───── DATA SUPPLIED ─────

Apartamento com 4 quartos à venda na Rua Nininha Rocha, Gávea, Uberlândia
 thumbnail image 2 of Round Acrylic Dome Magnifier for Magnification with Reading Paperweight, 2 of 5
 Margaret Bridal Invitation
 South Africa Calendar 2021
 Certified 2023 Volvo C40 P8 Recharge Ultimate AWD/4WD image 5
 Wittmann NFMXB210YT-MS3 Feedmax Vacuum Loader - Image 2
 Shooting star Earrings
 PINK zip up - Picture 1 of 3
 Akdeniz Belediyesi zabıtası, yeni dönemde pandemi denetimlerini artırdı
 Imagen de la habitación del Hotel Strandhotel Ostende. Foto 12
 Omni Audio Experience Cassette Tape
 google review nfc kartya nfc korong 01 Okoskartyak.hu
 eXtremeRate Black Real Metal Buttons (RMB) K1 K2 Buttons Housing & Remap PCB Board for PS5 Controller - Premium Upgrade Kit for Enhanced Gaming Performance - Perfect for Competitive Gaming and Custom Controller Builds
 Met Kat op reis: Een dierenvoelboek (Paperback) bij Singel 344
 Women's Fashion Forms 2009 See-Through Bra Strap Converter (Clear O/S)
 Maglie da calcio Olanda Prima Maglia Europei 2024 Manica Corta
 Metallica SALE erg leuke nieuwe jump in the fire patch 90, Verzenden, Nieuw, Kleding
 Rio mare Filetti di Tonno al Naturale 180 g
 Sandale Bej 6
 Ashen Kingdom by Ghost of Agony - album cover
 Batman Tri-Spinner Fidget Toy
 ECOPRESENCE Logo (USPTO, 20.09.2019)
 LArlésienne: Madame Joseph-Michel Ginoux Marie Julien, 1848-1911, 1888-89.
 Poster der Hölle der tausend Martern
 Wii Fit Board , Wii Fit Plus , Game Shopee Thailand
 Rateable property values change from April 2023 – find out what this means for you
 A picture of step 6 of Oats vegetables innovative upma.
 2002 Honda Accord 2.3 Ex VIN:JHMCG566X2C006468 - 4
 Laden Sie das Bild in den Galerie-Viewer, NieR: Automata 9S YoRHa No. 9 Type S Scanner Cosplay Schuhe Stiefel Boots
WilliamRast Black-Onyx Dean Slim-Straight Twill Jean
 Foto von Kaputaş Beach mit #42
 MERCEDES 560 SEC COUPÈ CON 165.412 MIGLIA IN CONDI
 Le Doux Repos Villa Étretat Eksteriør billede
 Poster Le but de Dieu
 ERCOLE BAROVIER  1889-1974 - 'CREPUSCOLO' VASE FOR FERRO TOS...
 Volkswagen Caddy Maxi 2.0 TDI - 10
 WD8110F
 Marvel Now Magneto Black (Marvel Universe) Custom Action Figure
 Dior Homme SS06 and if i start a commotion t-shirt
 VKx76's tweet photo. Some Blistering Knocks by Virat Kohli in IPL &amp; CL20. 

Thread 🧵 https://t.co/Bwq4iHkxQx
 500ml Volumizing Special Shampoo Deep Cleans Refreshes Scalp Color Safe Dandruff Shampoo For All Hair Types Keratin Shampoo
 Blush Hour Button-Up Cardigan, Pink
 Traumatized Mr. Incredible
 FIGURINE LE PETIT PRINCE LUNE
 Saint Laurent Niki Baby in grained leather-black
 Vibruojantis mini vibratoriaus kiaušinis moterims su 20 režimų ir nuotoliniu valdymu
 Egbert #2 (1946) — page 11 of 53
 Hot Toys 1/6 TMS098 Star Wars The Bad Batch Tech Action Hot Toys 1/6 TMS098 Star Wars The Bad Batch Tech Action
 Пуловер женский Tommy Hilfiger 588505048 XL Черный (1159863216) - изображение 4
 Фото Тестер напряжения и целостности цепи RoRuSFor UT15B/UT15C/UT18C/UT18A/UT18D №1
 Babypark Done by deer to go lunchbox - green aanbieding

─────

PROBLEM STATEMENT: Your task is to retype all of the records exactly.

RESULT OF THIS TASK:
Apartamento com 4 quartos à venda na Rua Nininha Rocha, Gávea, Uberlândia
 thumbnail image 2 of Round Acrylic Dome Magnifier for Magnification with Reading Paperweight, 2 of 5
 Margaret Bridal Invitation
 South Africa Calendar 2021
 Certified 2023 Volvo C40 P8 Recharge Ultimate AWD/4WD image 5
 Wittmann NFMXB210YT-MS3 Feedmax Vacuum Loader - Image 2
 Shooting star Earrings
 PINK zip up - Picture 1 of 3
 Akdeniz Belediyesi zabıtası, yeni dönemde pandemi denetimlerini artırdı
 Imagen de la habitación del Hotel Strandhotel Ostende. Foto 12
 Omni Audio Experience Cassette Tape
 google review nfc kartya nfc korong 01 Okoskartyak.hu
 eXtremeRate Black Real Metal Buttons (RMB) K1 K2 Buttons Housing & Remap PCB Board for PS5 Controller - Premium Upgrade Kit for Enhanced Gaming Performance - Perfect for Competitive Gaming and Custom Controller Builds
 Met Kat op reis: Een dierenvoelboek (Paperback) bij Singel 344
 Women's Fashion Forms 2009 See-Through Bra Strap Converter (Clear O/S)
 Maglie da calcio Olanda Prima Maglia Europei 2024 Manica Corta
 Metallica SALE erg leuke nieuwe jump in the fire patch 90, Verzenden, Nieuw, Kleding
 Rio mare Filetti di Tonno al Naturale 180 g
 Sandale Bej 6
 Ashen Kingdom by Ghost of Agony - album cover
 Batman Tri-Spinner Fidget Toy
 ECOPRESENCE Logo (USPTO, 20.09.2019)
 LArlésienne: Madame Joseph-Michel Ginoux Marie Julien, 1848-1911, 1888-89.
 Poster der Hölle der tausend Martern
 Wii Fit Board , Wii Fit Plus , Game Shopee Thailand
 Rateable property values change from April 2023 – find out what this means for you
 A picture of step 6 of Oats vegetables innovative upma.
 2002 Honda Accord 2.3 Ex VIN:JHMCG566X2C006468 - 4
 Laden Sie das Bild in den Galerie-Viewer, NieR: Automata 9S YoRHa No. 9 Type S Scanner Cosplay Schuhe Stiefel Boots
WilliamRast Black-Onyx Dean Slim-Straight Twill Jean
 Foto von Kaputaş Beach mit #42
 MERCEDES 560 SEC COUPÈ CON 165.412 MIGLIA IN CONDI
 Le Doux Repos Villa Étretat Eksteriør billede
 Poster Le but de Dieu
 ERCOLE BAROVIER  1889-1974 - 'CREPUSCOLO' VASE FOR FERRO TOS...
 Volkswagen Caddy Maxi 2.0 TDI - 10
 WD8110F
 Marvel Now Magneto Black (Marvel Universe) Custom Action Figure
 Dior Homme SS06 and if i start a commotion t-shirt
 VKx76's tweet photo. Some Blistering Knocks by Virat Kohli in IPL &amp; CL20. 

Thread 🧵 https://t.co/Bwq4iHkxQx
 500ml Volumizing Special Shampoo Deep Cleans Refreshes Scalp Color Safe Dandruff Shampoo For All Hair Types Keratin Shampoo
 Blush Hour Button-Up Cardigan, Pink
 Traumatized Mr. Incredible
 FIGURINE LE PETIT PRINCE LUNE
 Saint Laurent Niki Baby in grained leather-black
 Vibruojantis mini vibratoriaus kiaušinis moterims su 20 režimų ir nuotoliniu valdymu
 Egbert #2 (1946) — page 11 of 53
 Hot Toys 1/6 TMS098 Star Wars The Bad Batch Tech Action Hot Toys 1/6 TMS098 Star Wars The Bad Batch Tech Action
 Пуловер женский Tommy Hilfiger 588505048 XL Черный (1159863216) - изображение 4
 Фото Тестер напряжения и целостности цепи RoRuSFor UT15B/UT15C/UT18C/UT18A/UT18D №1
 Babypark Done by deer to go lunchbox - green aanbieding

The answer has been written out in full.